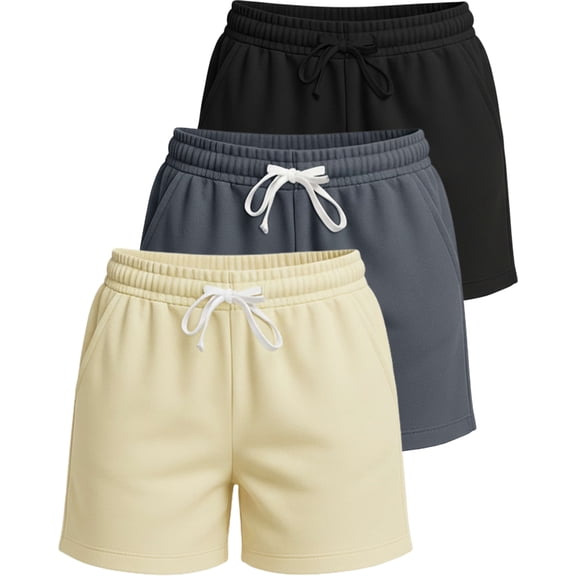 Real Essentials 3 Pack:Women's Fleece Casual Sweat Shorts - Athletic, Running, Yoga, Lounge Shorts with Pockets (Plus Size)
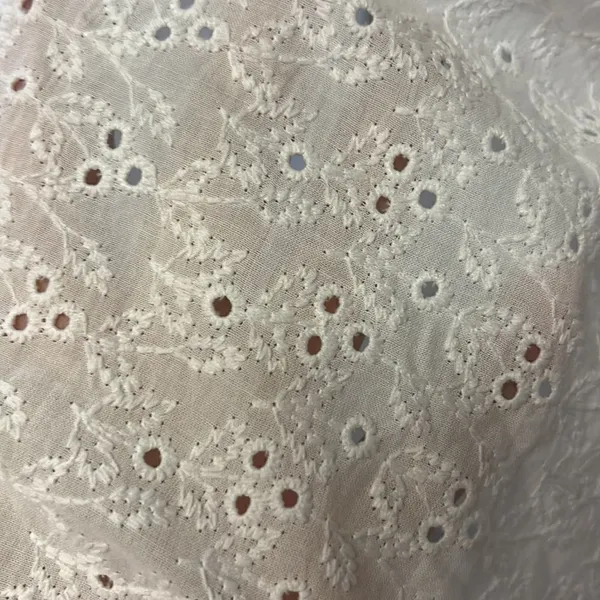 ZARA White Eyelet Flowy 3/4 Button Up Peplum Shirt- Small - Image 6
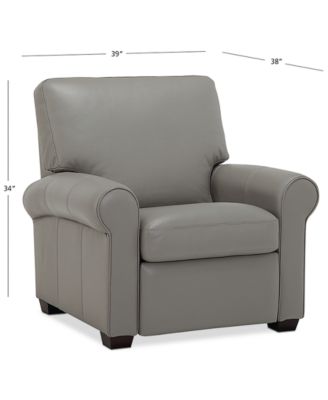 Orid 36" Leather Roll Arm Pushback Recliner, Created for Macy's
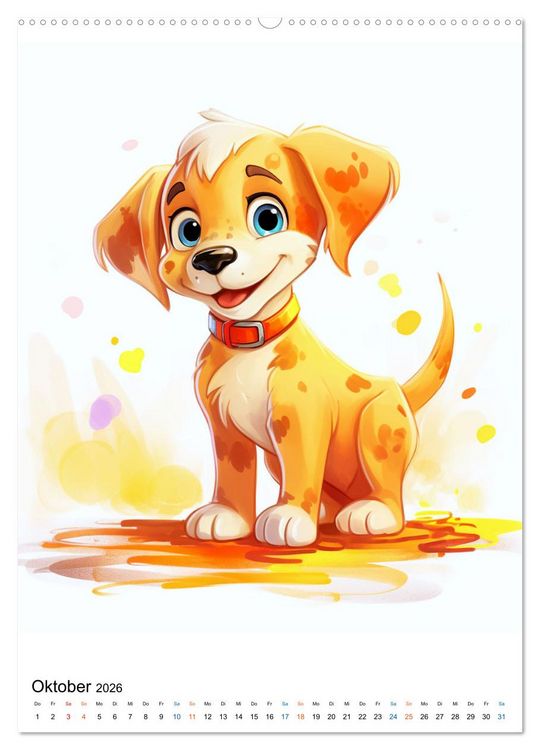 Produktbild: Verspielte Hunde (hochwertiger Premium Wandkalender 2026 DIN A2 hoch), Kunstdruck in Hochglanz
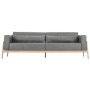 Fawn sofa 3+ whitewash Dakar Leather Grey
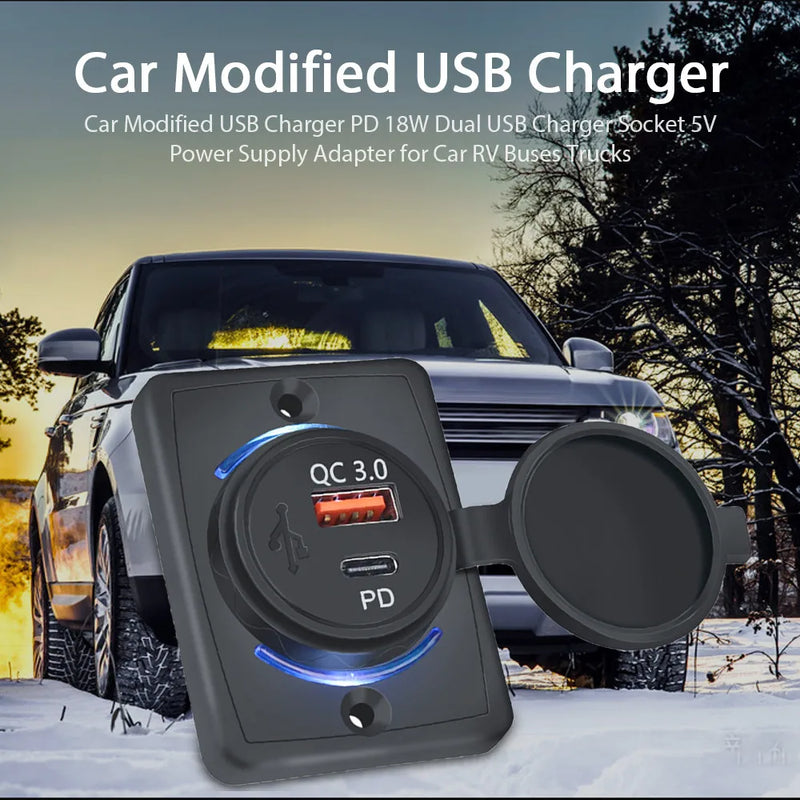 Quick Charge QC 3.0 USB PD Charger with Cap 18W Waterproof 12V/24V Fast Charge LED Light USB Charger for Car Boat Bus RV Home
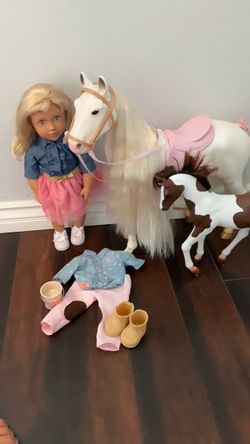 Our Generation Doll & Horse Set with Foal, Riding Outfit & Accessories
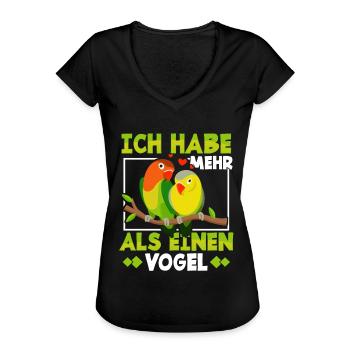 Papagei - Frauen Vintage T-Shirt - Schwarz - Vorne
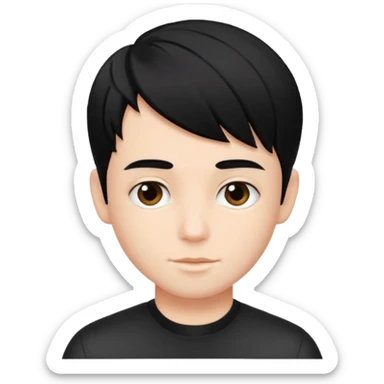 A beautiful boy salon Hairstylist in black hair sticker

Task item: Exactly as they appear, transcribe the lines from the top of the material above through the line with "Created for Macy's". Omit any picture.

Task answer:
 Real Essentials 3 Pack:Women's Fleece Casual Sweat Shorts - Athletic, Running, Yoga, Lounge Shorts with Pockets (Plus Size)
 ZARA White Eyelet Flowy 3/4 Button Up Peplum Shirt- Small - Image 6
 Orid 36" Leather Roll Arm Pushback Recliner, Created for Macy's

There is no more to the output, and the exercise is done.